Assigned task:
Locate the line containing "review and price" in the entries below, then retype it and every later line exactly, leaving out pictures.
(Beginning of Exercise input)
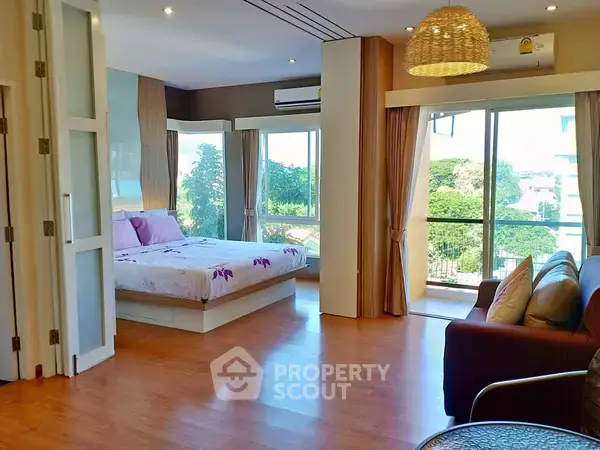 1-BR Condo at Promt Condo Chiangmai close to Chiang Mai University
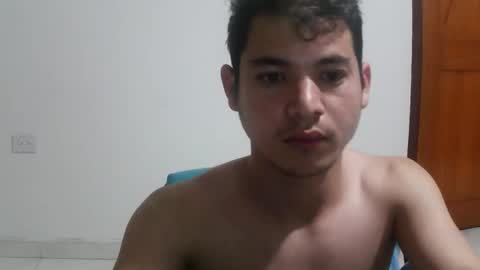 ErosStorm online show from October 8, 2:40 am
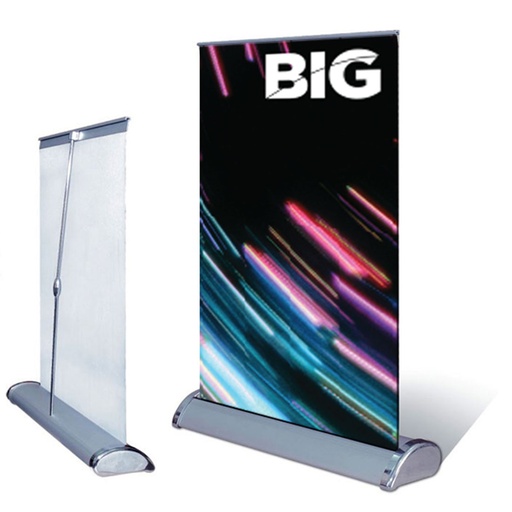 Rollup Banner Mini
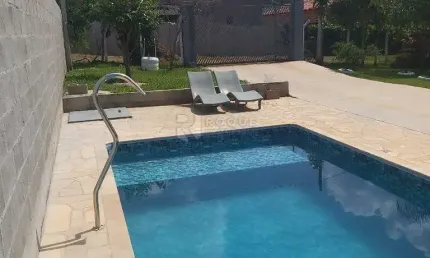 Vende-se chácara Pires de Cima. Acesso pela Via Martim Lutero - LIM 253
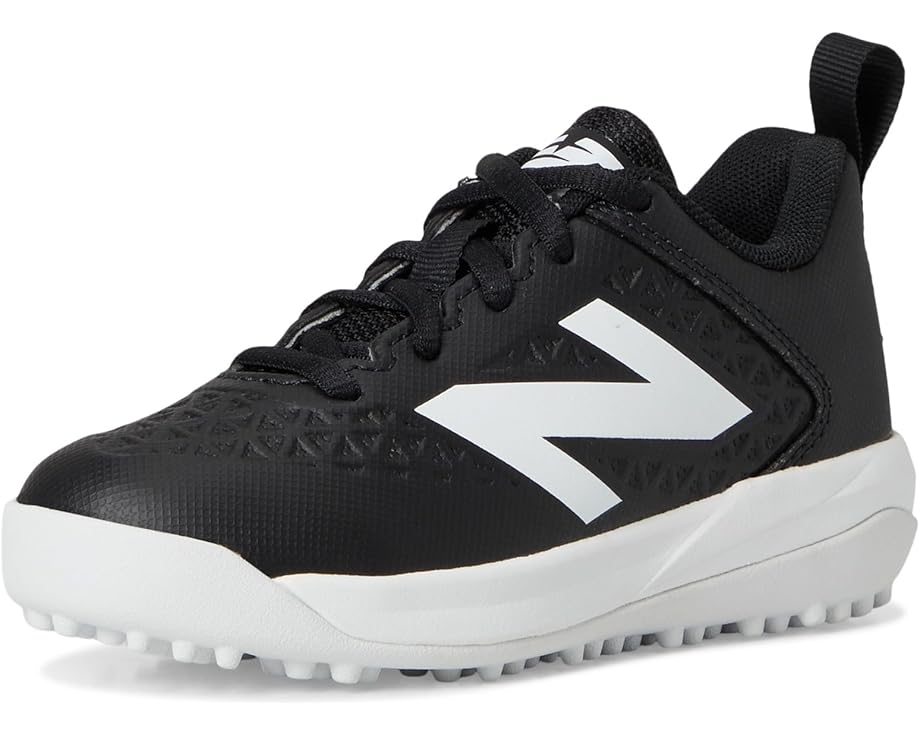 New Balance Kids 4040v8 Youth Turf-Trainer (Little Kid/Big Kid) - Front View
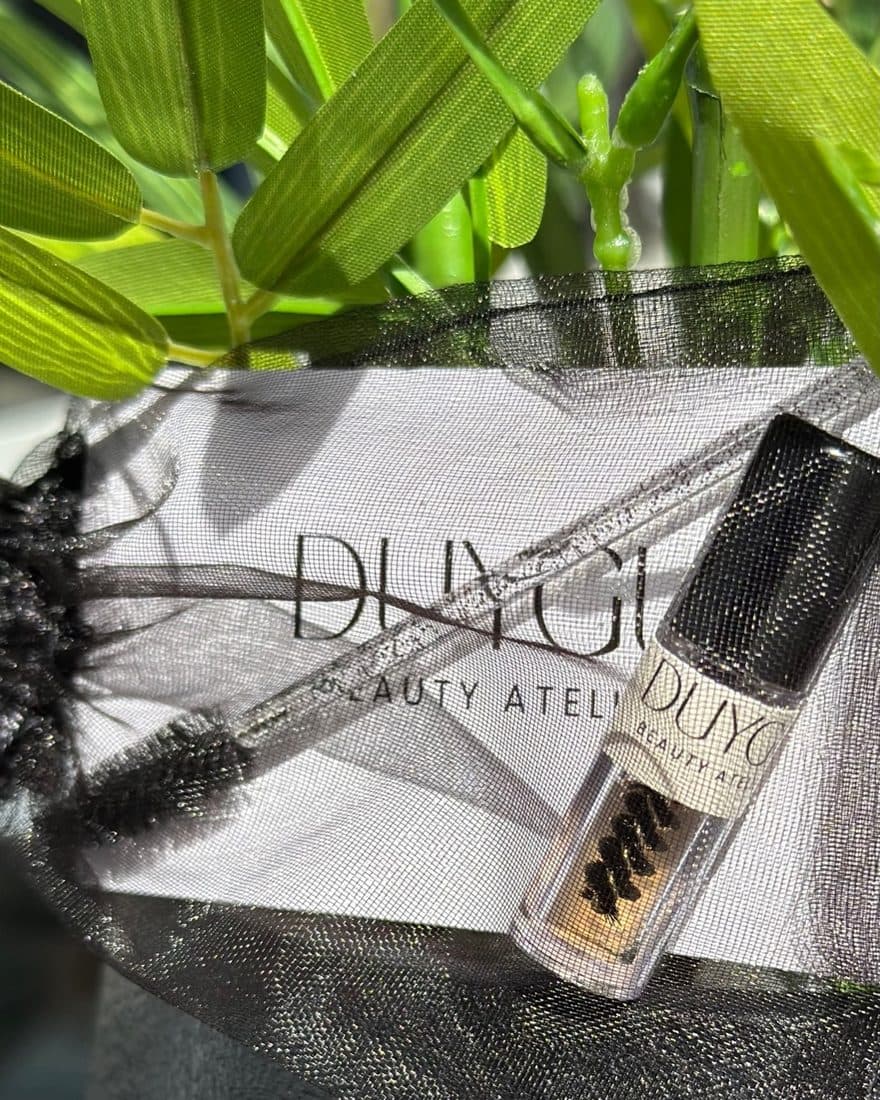 DUYGU Beauty Atelier Produkte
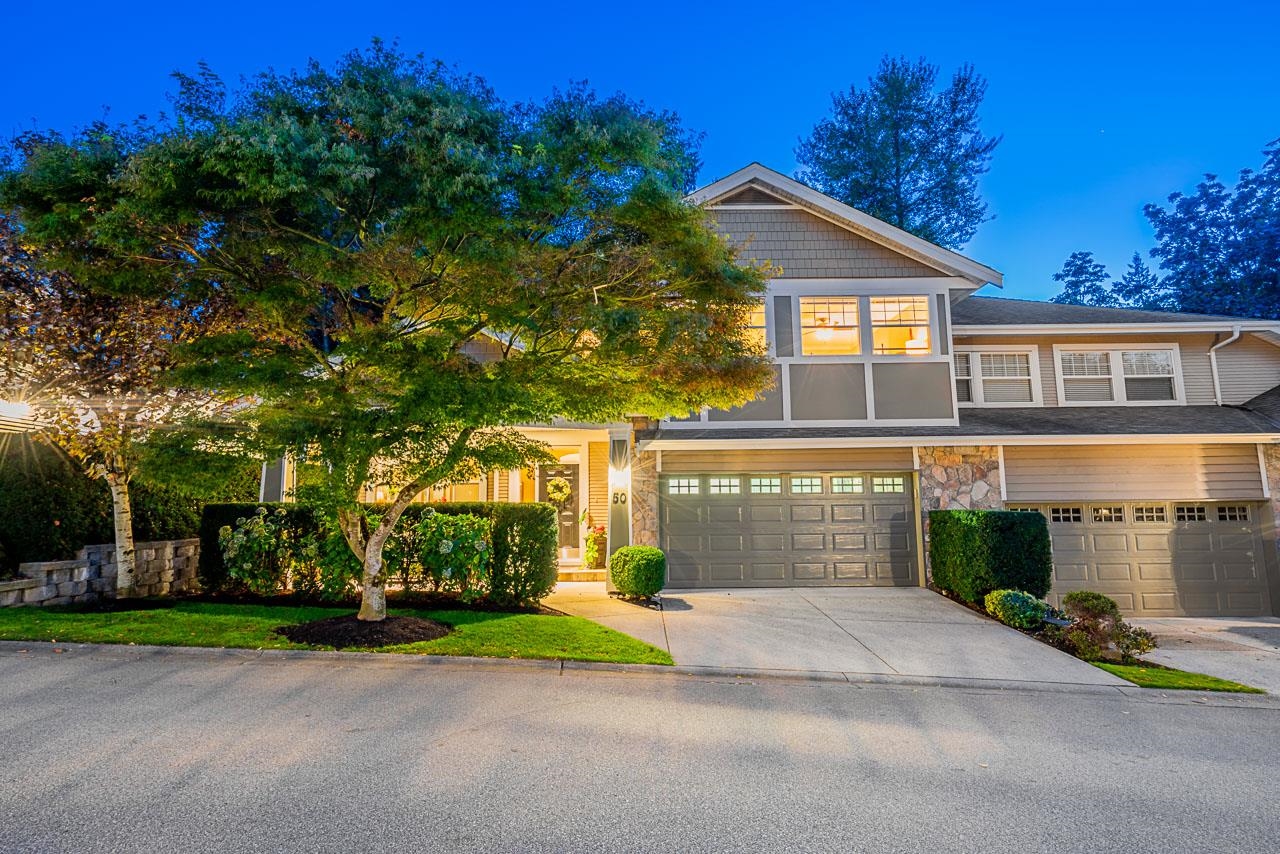 50-3500 144 Street, Surrey, BC, V4P 3J6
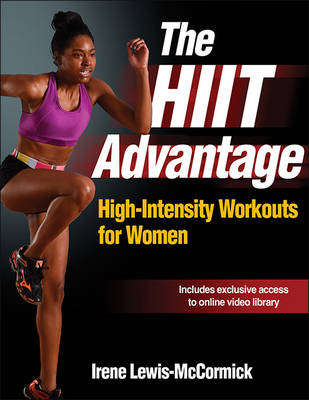 HIIT ADVANTAGE - LEWISMCCORMICK,I
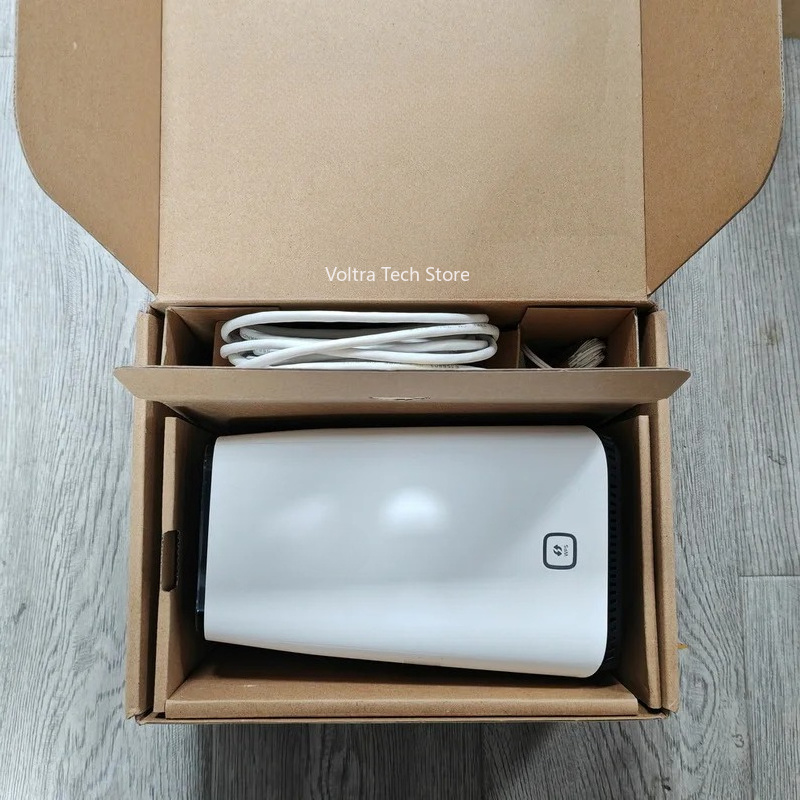 Unlocked  5G Indoor CPE Router - 4G Lte Router Sim review and price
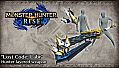 Monster Hunter Rise - "Lost Code: Labr" Hunter layered weapon (Switch Axe)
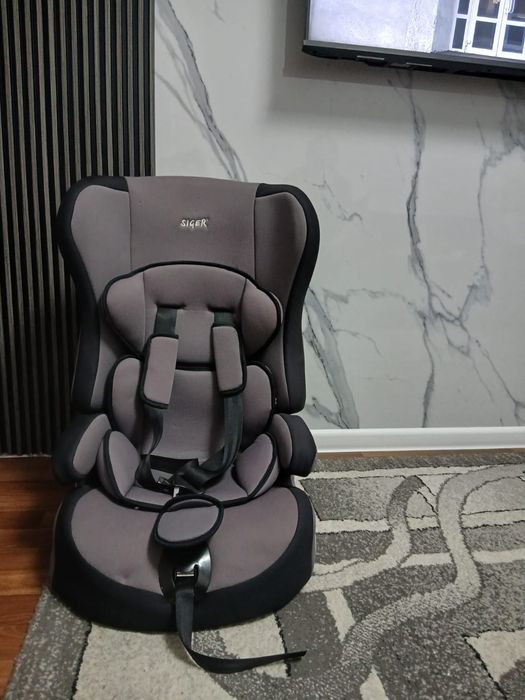 Автокресло б/у в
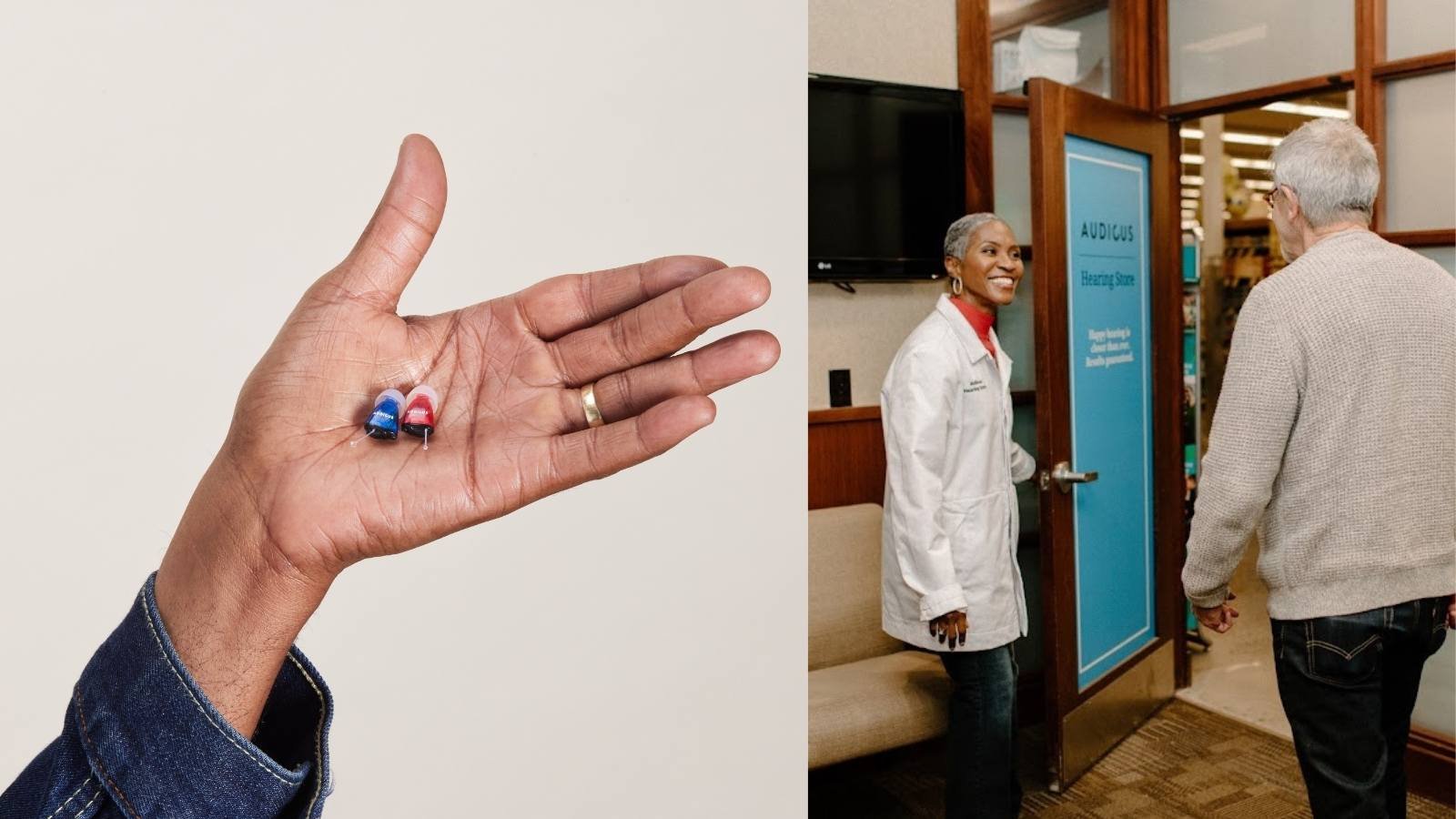 10 Best Hearing Aids in March 2023 New Styles and Reviews — Soundly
(End of Exercise input)
Response to this exercise:
 Unlocked  5G Indoor CPE Router - 4G Lte Router Sim review and price
 Monster Hunter Rise - "Lost Code: Labr" Hunter layered weapon (Switch Axe)
 Автокресло б/у в
 10 Best Hearing Aids in March 2023 New Styles and Reviews — Soundly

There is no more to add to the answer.